Fussball WM – Die Vuvuzela Bienenschwärme

Wir sind erst am Tag 2 der Fussball Weltmeisterschaft und schon nervt es mich. Die Südafrikaner blasen 90 Minuten lang … also ein ganzes Spiel … in ihre Vuvuzelas.

Viele mö gen das ja als stimmungsvoll empfinden.

Ich finde das einfach nur nervig.

Zum einen kommt keine richtige Stimmung bei den Spielen auf, weil die Jungs da einfach nur in die Tröten reinblasen. Wenn sie das Ding wenigstens nur in den spannenden Momenten einsetzen würden, wäre das ja OK, aber pausenlos ? Wo ist da der Sinn?

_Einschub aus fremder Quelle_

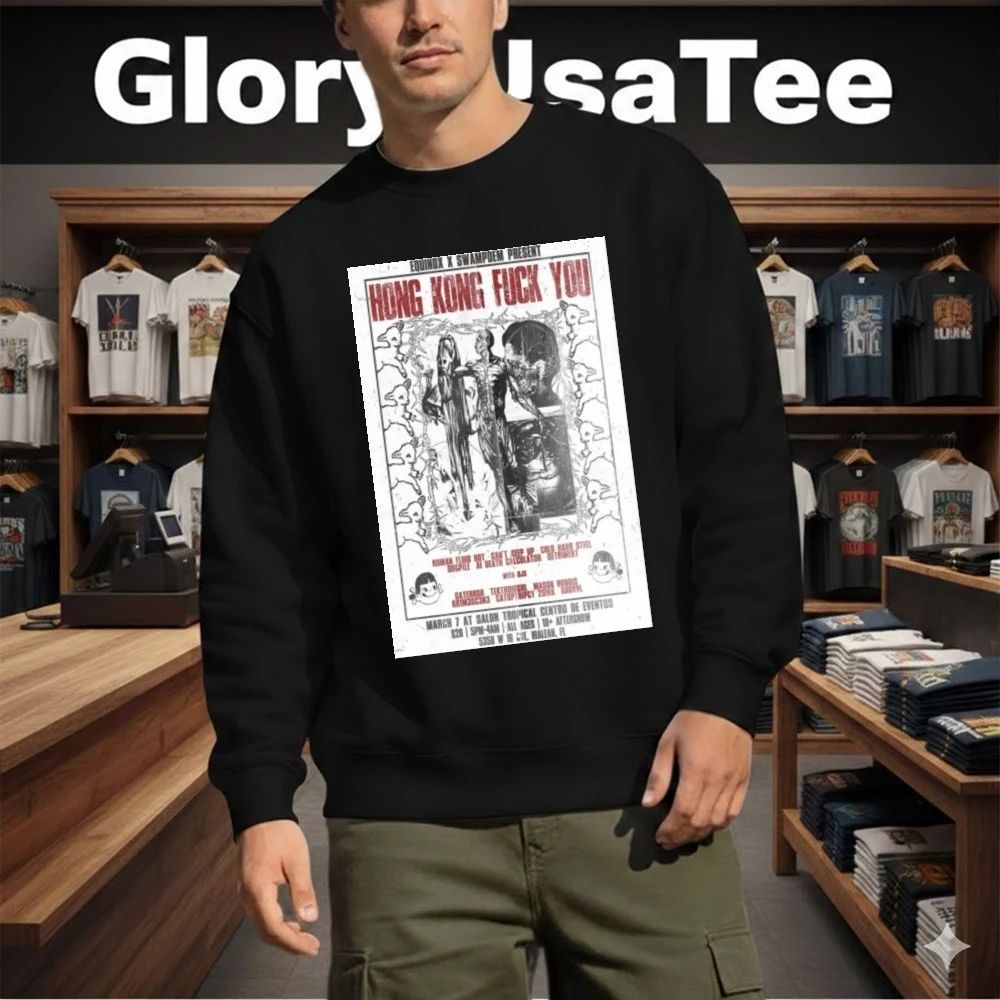 Hong Kong Fuck You March 7 2026 Hialeah, FL Poster Shirt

Ich finde, mit den Vuvuzelas, die die Deutschen anscheinend schon zu „Uwe Seelers“ umgetauft haben, tut sich die Fussballstimmung keinen Gefallen. Wo sind denn die Schlachtgesänge ? Wo ist denn das Auf und Ab in der Lautstärke ? Wo sind die Wellen bei den Ecken ? Wo das Pfeifen gegen den Schiedsrichter nach einer strittigen Entscheidung ? Und wo die Aufmunterung der Mannschaft, wenn sie im Rückstand liegt ?

All die Atmosphäre, die ganze Stimmung geht in den endlosen, undifferenzierten, eintönigen, nervigen Vuvuzela-Bienenschwärmen verloren. Schon das zugucken bzw. zuhören am Fernsehen ist schier unerträglich.

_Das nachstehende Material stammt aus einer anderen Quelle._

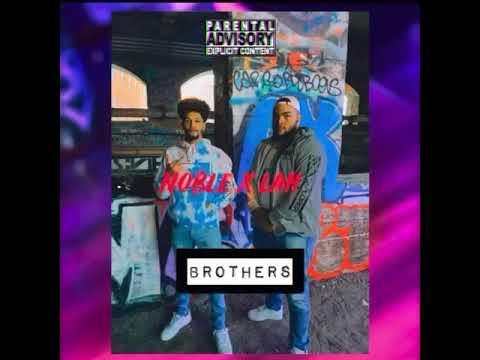 Noble Gee x Lah - Brothers (Official audio)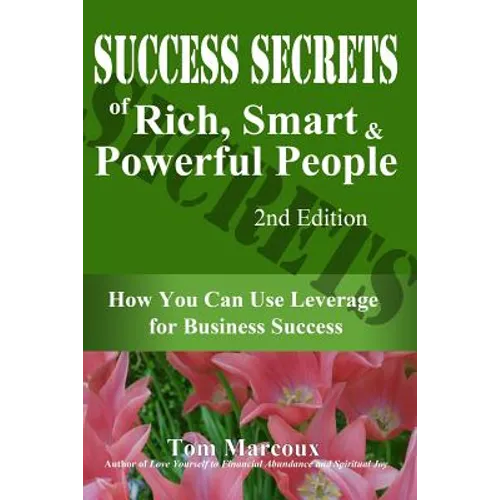 Success Secrets of Rich, Smart and Powerful People: How You Can Use Leverage for Business Success - Paperback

Nach dem Eröffnungsspiel habe ich mal ein bisschen in den Online Ausgaben der verschiedenen Zeitungen in Deutschland, Österreich, Schweiz, Niederlande, England und Frankreich geschaut, was die Presse zu diesem Getöse sagen. Meine Erkenntnis: Nur in der Bild und im Spiegel gab es Kommentare, die sich wirklich damit beschäftigen. Alle anderen Länder und Sprachen ? Die nehmen das einfach nur so hin. Ist das ergebungsvolle Hinnahme oder wahre Faszination für den Ohrenmüll, der einem aus Südafrika ins Haus geliefert wird.

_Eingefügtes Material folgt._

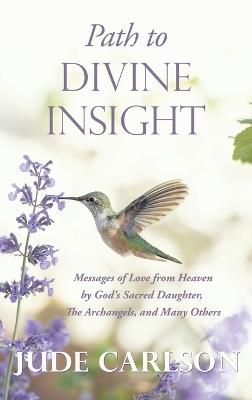 Path to Divine Insight: Messages of Love from Heaven by God's Sacred Daughter, The Archangels, and Many Others - Jude Carlson - cover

Und, wie Blatter die Vuvuzelas, diese in China produzierten Plastiktrichter, als afrikanisches Kulturgut bezeichnen kann, bleibt wohl nur ihm zuträglich. Allen anderen bleiben Ohrenschmerzen und wenig stimmungsvolle Weltmeisterschaften in Erinnerung.

Wie freue ich mich da schon auf die Samba Trommeln mit Rythmus und Melodie aus Brasillien bei der Weltmeisterschaft 2014.